Национал-социализм поставил себе на службу все средства, чтобы упрочить свои социальные институты и перемены, в первую очередь радио и кино. И то, и другое было общедоступным. Нацисты организовали массовое производство дешевых радиоприемников с фиксированной настройкой на станции, кино также пользовалось всеобщей популярностью вследствие опять-таки дешевизны и общедоступности. После 1933 года перемены пошли семимильными шагами. Новая идеология внедрялась повсеместно. В особенности в молодежной среде, откуда и предстояло рекрутировать пушечное мясо будущих войн за «жизненное пространство». «Не успеешь и оглянуться, не говоря уже о том, чтобы все, как следует, обдумать, как за тебя уже все решено».
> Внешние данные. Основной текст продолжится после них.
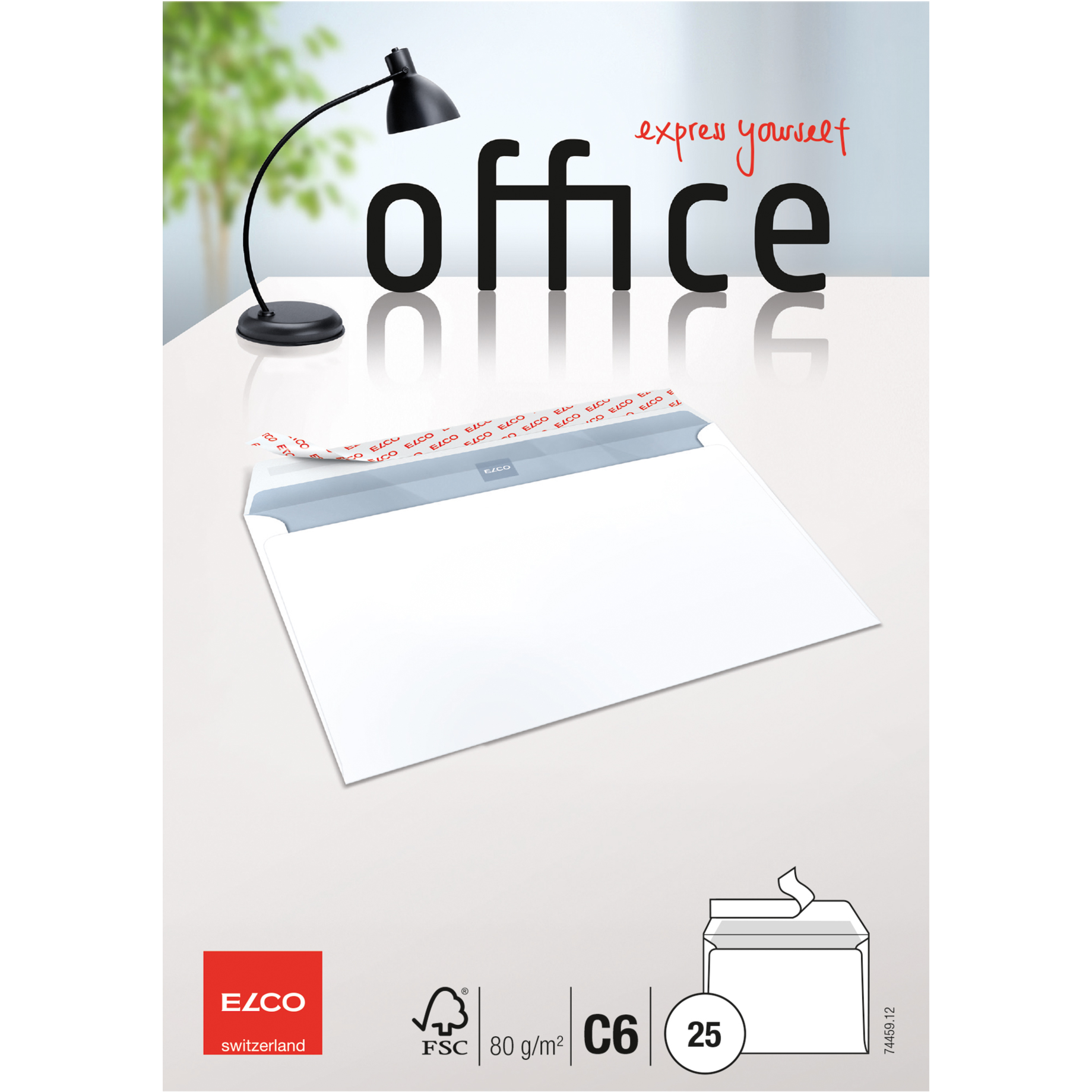 Elco Briefumschlag Office C6 80g weiss 25 St.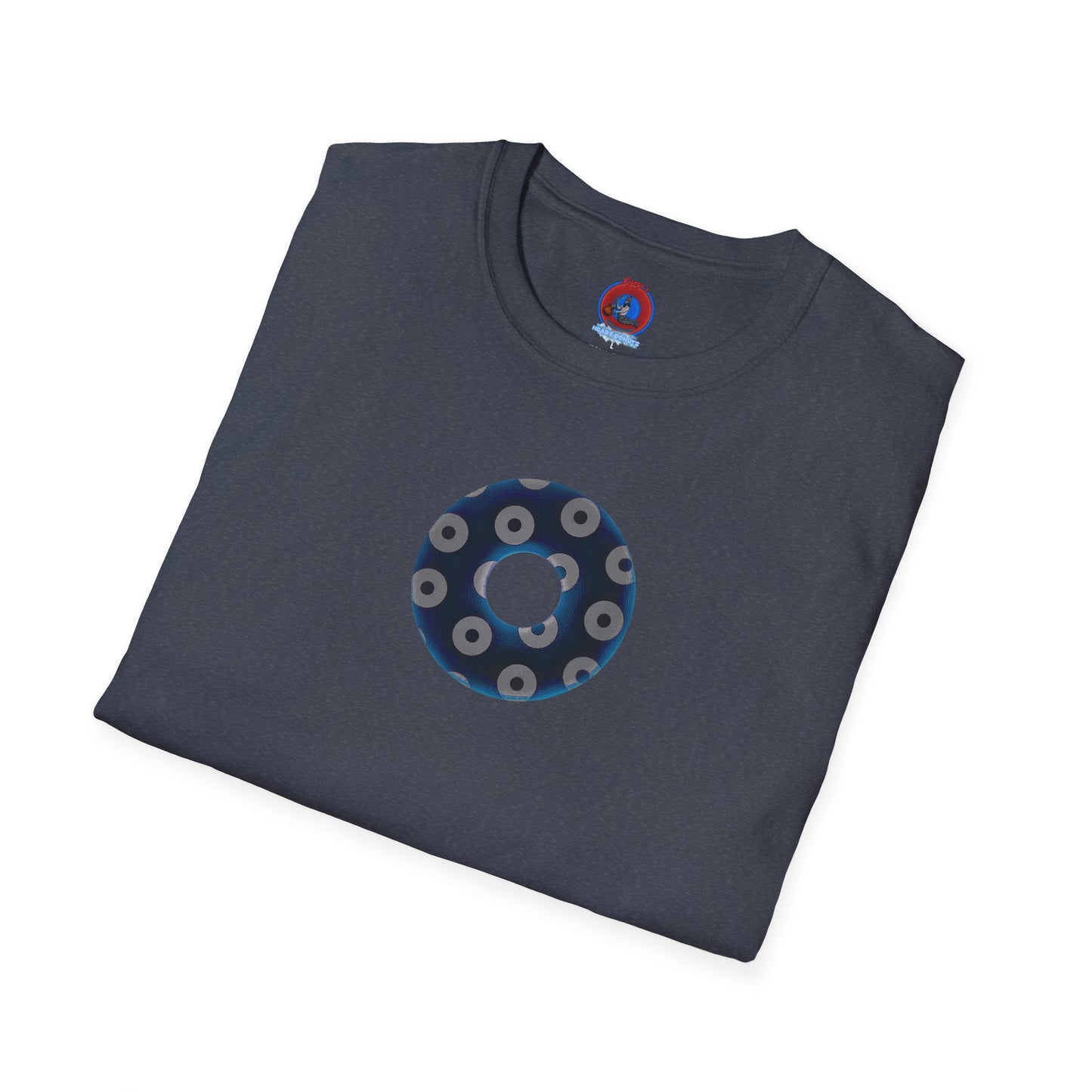 Plain Donuts/Unisex Soft-Style - "Plain Blimpy Paradoxical Donuts" - dark blue/off-white donuts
И вот 22 июня 1941 года почти три миллиона немцев и их союзников ждали сигнала к нападению на Советский Союз. Понимали ли они, что предстоит подвергнуть испытанию выбранные ими, хоть и не добровольно, ценности? Все эти 17–19 миллионов немцев, которым предстояло пройти ужасы Восточного фронта? И хотя они успели постичь науку убивать на поле брани, в политическом отношении представляли собой людей крайне наивных. Многие и повзрослели-то на войне, но что за опыт политической борьбы может быть у граждан тоталитарного государства? Впоследствии они не раз становились объектом осуждения ученых-историков, выпестованных на конституционных принципах и ценностях демократического общества. Макс Кунерт, кавалерист, вспоминает о травмирующем переходе от гражданской жизни к военной. Даже будучи закален полугодовым опытом отбывания «трудовой повинности», где преобладала атмосфера «товарищества, взаимопомощи и дисциплины», он испытал шок, столкнувшись с армейским бытом:
«Первые шесть месяцев все казалось физически невыносимым, мы все чувствовали, что утрачиваем свое Я, медленно, но неуклонно превращаясь в безликую солдатскую массу. Политике там места не было, — разве кому-нибудь в армии позволялось голосовать?»